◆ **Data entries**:
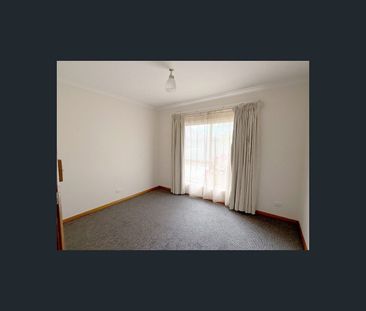 10/28 Riddell Road, Holden Hill, SA 5088 - Photo 6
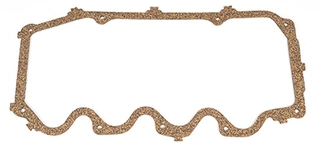 Gasket, cylinder head cover (BSG 30-116-062)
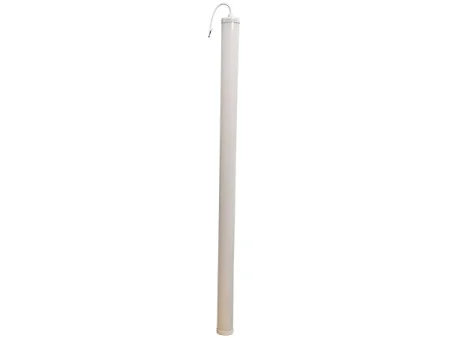 XLED STRELA VOD.IP65 36W 1220MM 6500K CL-WPD036AAA
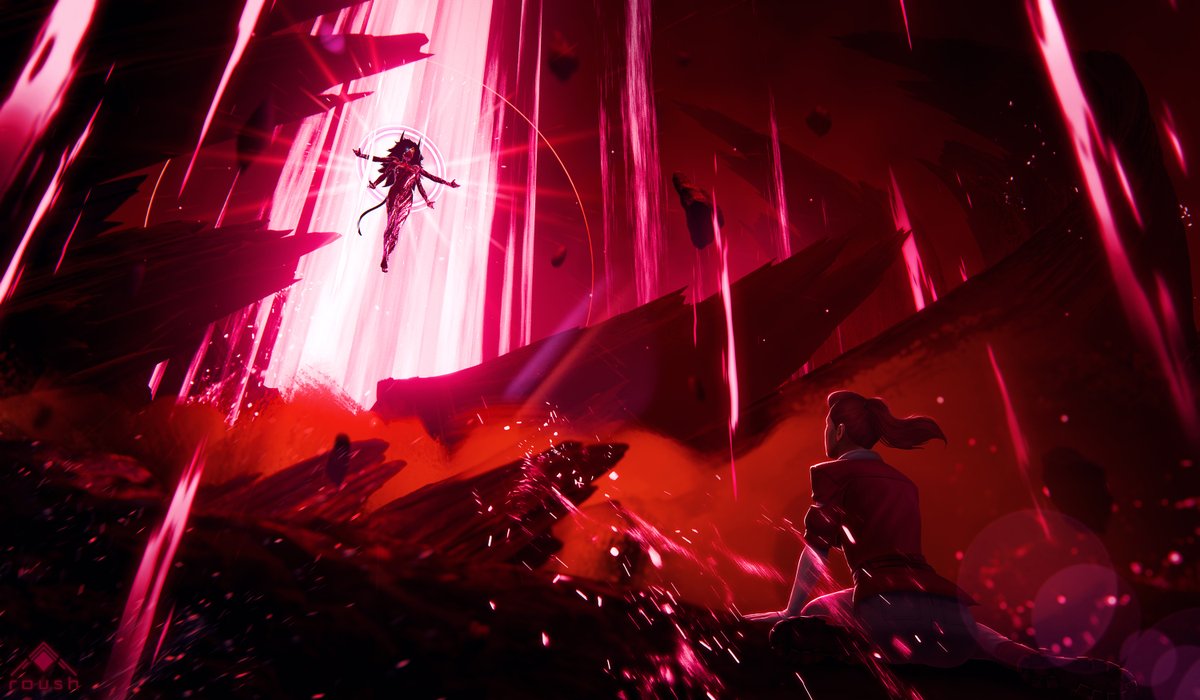 moosamabob tweet media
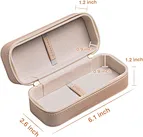 Watch Cases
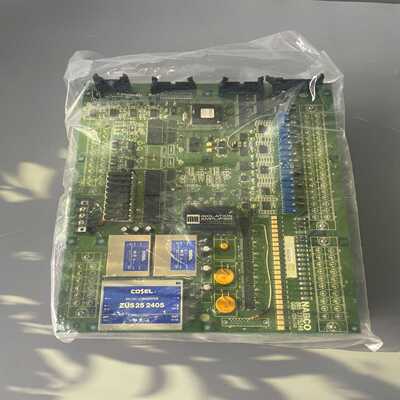 【星慕电子】NABCO COSEL DC-DC Converter 主机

◆ **What you are asked to do**: Exactly as they appear, repeat the lines from the one containing "moosamabob tweet media" through the last line of the entries, counting both ends. Pictures stay out.

◆ **Solution to the problem**:
 moosamabob tweet media
 Watch Cases
 【星慕电子】NABCO COSEL DC-DC Converter 主机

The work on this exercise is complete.